Laos in the limelight as PM Wong, world leaders converge for Asean Summit amid a series of firsts
Joe Biden and Joko Widodo will not be in Vientiane, but new Japanese and Thai premiers will make their international summit debut
[VIENTIANE] The leaders of some of the world’s largest economies are gathering in the capital of one of South-east Asia’s smallest countries – Laos, this year’s Asean chair – for the regional bloc’s apex policy-making forum from Wednesday (Oct 9) to Friday.
Singapore Prime Minister Lawrence Wong will head to Vientiane to meet other South-east Asian and global leaders for the 44th and 45th Asean Summits and related meetings, the Prime Minister’s Office said in a statement on Tuesday.

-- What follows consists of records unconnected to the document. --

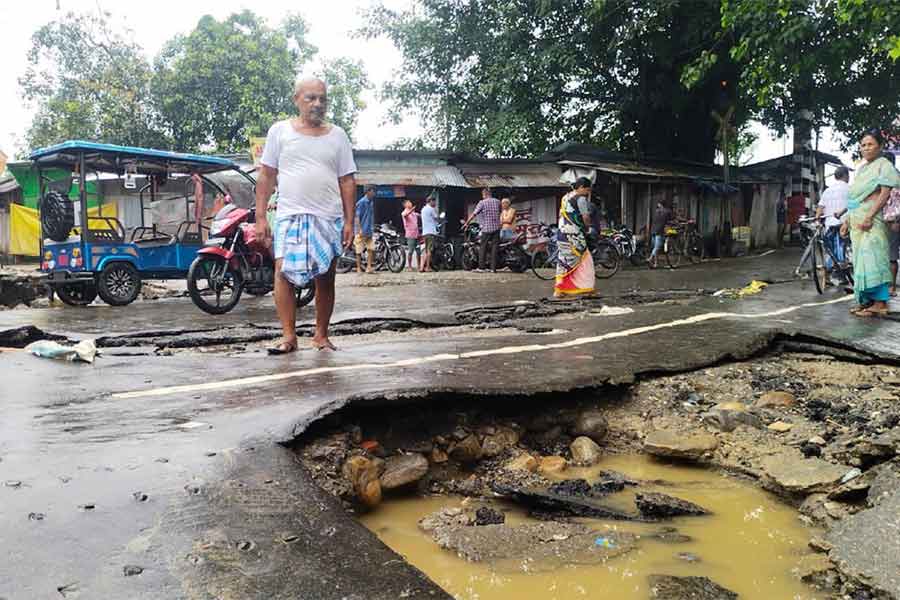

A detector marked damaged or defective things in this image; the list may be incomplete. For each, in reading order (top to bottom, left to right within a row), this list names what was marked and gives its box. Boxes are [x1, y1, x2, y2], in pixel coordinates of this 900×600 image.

damaged asphalt road [5, 250, 900, 600]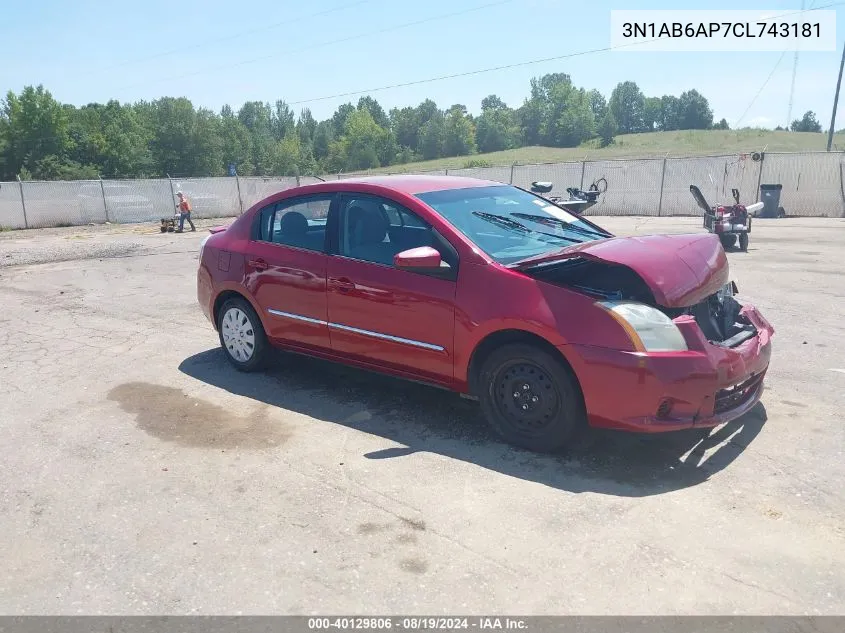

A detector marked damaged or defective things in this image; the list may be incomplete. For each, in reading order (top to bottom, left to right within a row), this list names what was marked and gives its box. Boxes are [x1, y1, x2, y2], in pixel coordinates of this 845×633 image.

damaged red sedan [196, 175, 772, 452]
crumpled front hood [512, 235, 728, 308]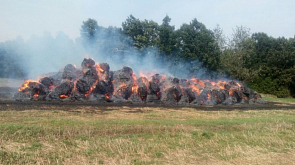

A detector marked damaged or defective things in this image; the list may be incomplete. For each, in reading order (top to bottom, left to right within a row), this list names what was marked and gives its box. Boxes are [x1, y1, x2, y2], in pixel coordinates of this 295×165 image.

These will be the first bloc summits attended by PM Wong in his current capacity since he was sworn in as the Republic’s fourth prime minister in May.
After the summits, PM Wong – who last visited Laos in April to attend a meeting of Asean finance ministers and central bank governors – will remain in the city for a bilateral meeting with Lao Prime Minister Sonexay Siphandone on Friday.
PM Wong and the Singapore delegation will be hosted to an official dinner on Friday, and call on Lao President Thongloun Sisoulith on Saturday.
While in Vientiane, PM Wong will be accompanied by his wife and Foreign Minister Vivian Balakrishnan. In his absence, Deputy Prime Minister Gan Kim Yong will be the acting prime minister.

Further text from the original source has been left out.